[Task prompt] Copy each line of the records that holds the string "Spiral".

── Data for the task ──

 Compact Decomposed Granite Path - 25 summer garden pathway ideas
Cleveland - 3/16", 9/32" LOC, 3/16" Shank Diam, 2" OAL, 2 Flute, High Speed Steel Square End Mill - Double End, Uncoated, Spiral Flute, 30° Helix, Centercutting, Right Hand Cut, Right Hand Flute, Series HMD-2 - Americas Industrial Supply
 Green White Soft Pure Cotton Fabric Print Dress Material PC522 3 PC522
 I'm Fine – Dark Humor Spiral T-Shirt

───
── Data for the task ──

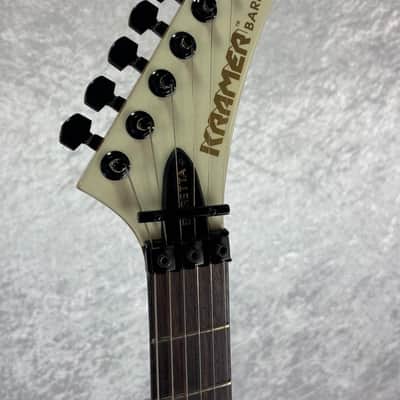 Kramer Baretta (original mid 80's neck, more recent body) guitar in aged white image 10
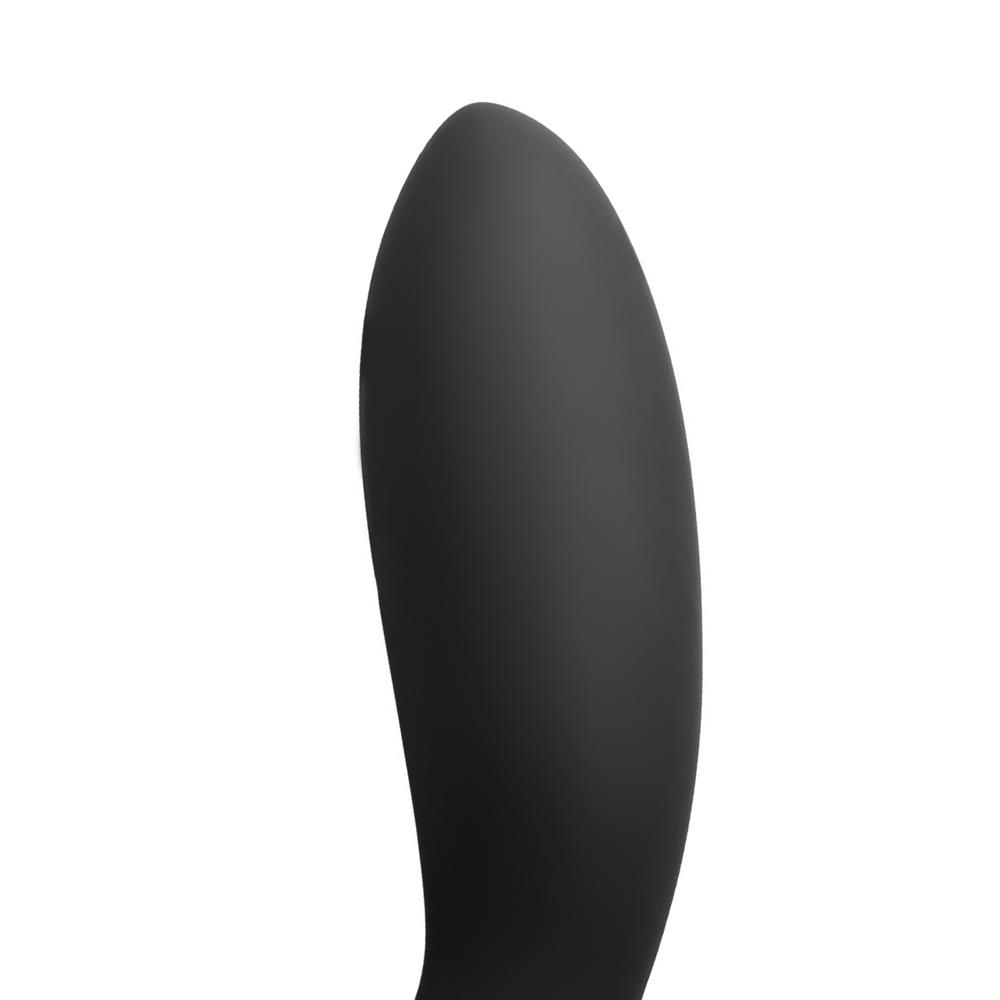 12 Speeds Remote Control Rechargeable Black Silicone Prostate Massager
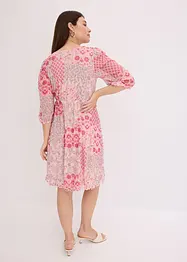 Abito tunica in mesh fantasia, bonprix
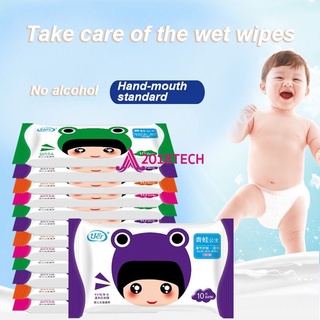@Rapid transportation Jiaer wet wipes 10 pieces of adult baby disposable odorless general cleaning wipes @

───

[Response]
Cleveland - 3/16", 9/32" LOC, 3/16" Shank Diam, 2" OAL, 2 Flute, High Speed Steel Square End Mill - Double End, Uncoated, Spiral Flute, 30° Helix, Centercutting, Right Hand Cut, Right Hand Flute, Series HMD-2 - Americas Industrial Supply
 I'm Fine – Dark Humor Spiral T-Shirt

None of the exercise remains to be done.